__Exercise objective__
Using the data that follows, output only the lines from the line with "Layer sheer long skirt (2color)" up to and including the line with "Maylawn Walkie Talkies", exactly, leaving pictures aside.

__Given data__
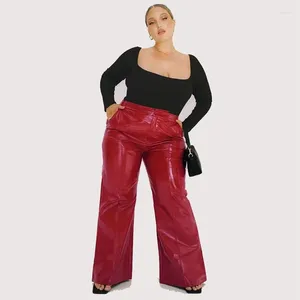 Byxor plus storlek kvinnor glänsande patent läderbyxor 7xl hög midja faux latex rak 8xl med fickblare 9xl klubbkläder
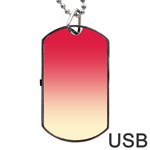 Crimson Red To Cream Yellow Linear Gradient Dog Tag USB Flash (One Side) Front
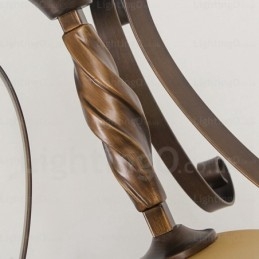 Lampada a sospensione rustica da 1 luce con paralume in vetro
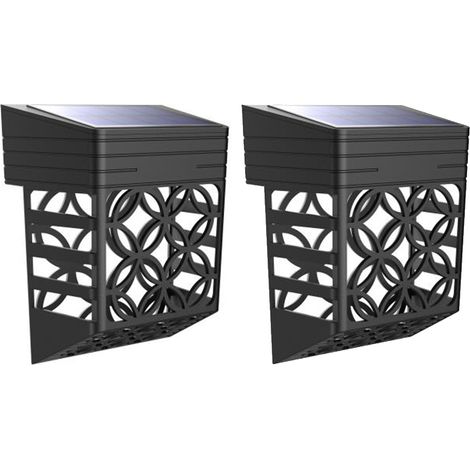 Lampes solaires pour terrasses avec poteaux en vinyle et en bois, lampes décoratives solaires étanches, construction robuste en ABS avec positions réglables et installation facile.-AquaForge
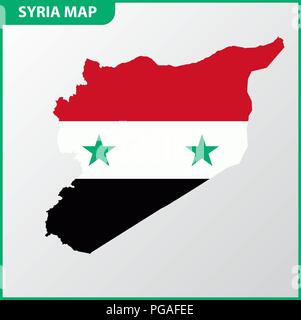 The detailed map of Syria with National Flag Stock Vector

==

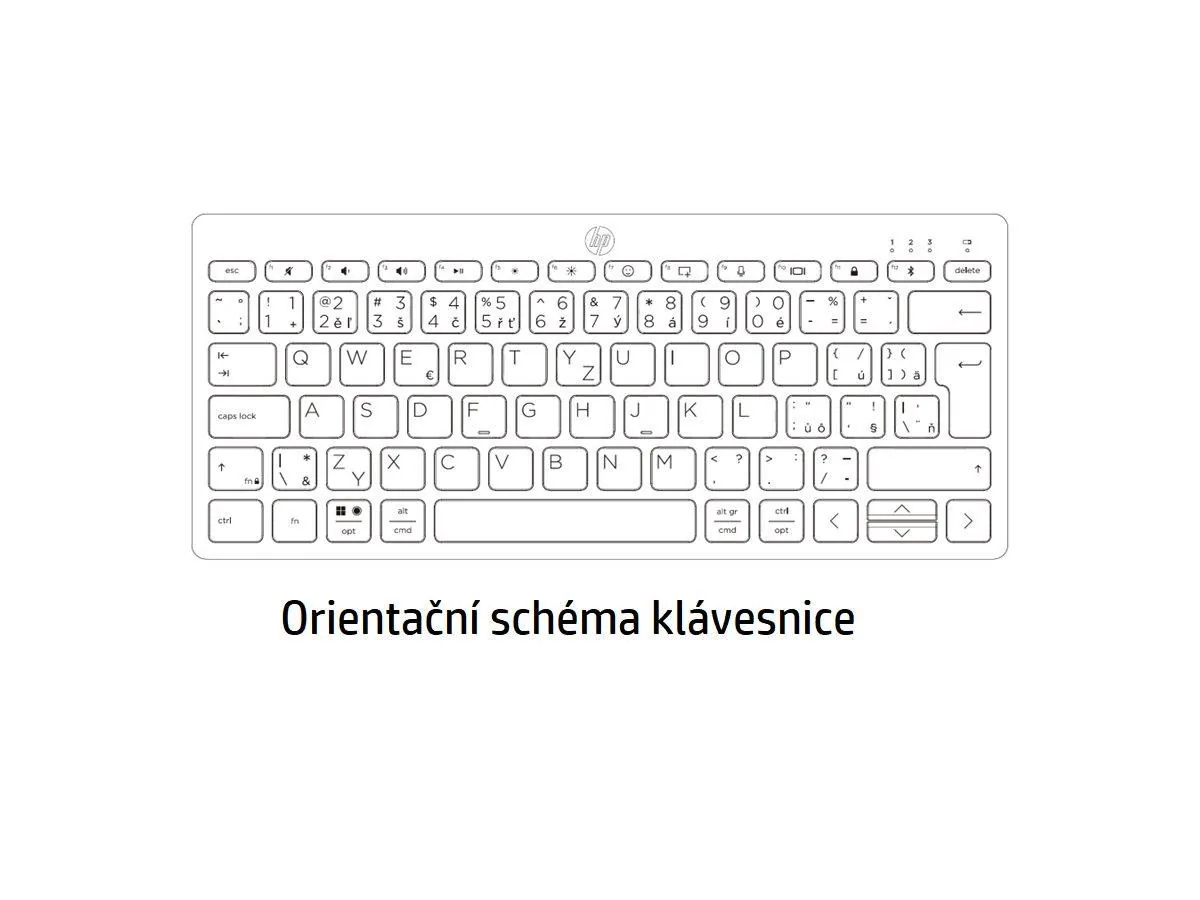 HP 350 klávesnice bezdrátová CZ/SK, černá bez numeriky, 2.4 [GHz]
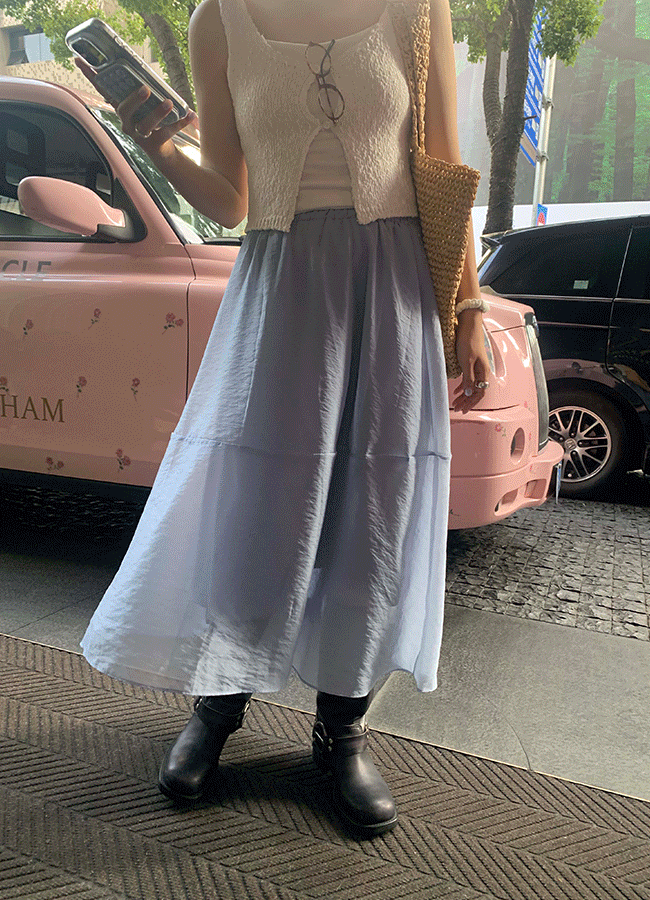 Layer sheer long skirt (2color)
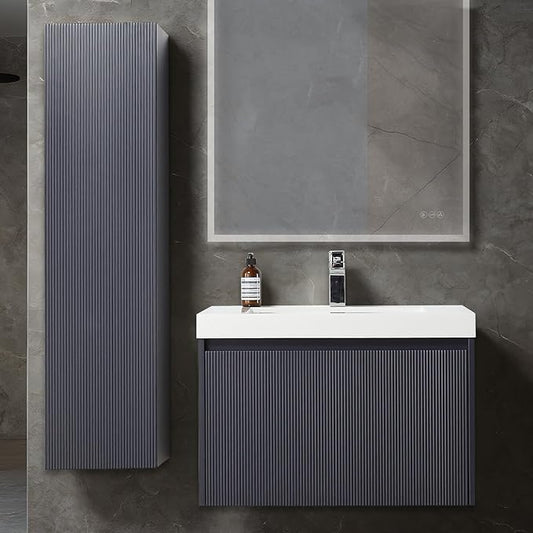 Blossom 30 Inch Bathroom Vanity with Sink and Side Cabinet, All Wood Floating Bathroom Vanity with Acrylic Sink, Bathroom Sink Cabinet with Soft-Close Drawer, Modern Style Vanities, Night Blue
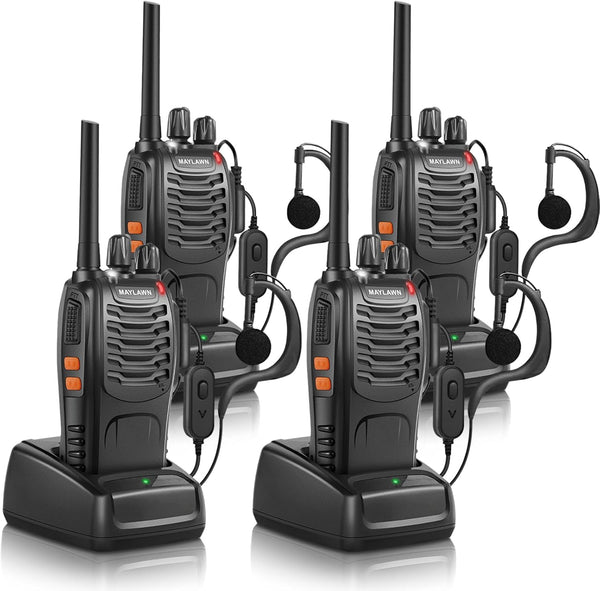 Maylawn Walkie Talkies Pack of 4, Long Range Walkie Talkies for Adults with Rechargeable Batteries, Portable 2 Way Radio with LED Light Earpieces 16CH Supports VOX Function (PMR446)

__Solution for this problem__
 Layer sheer long skirt (2color)
 Blossom 30 Inch Bathroom Vanity with Sink and Side Cabinet, All Wood Floating Bathroom Vanity with Acrylic Sink, Bathroom Sink Cabinet with Soft-Close Drawer, Modern Style Vanities, Night Blue
 Maylawn Walkie Talkies Pack of 4, Long Range Walkie Talkies for Adults with Rechargeable Batteries, Portable 2 Way Radio with LED Light Earpieces 16CH Supports VOX Function (PMR446)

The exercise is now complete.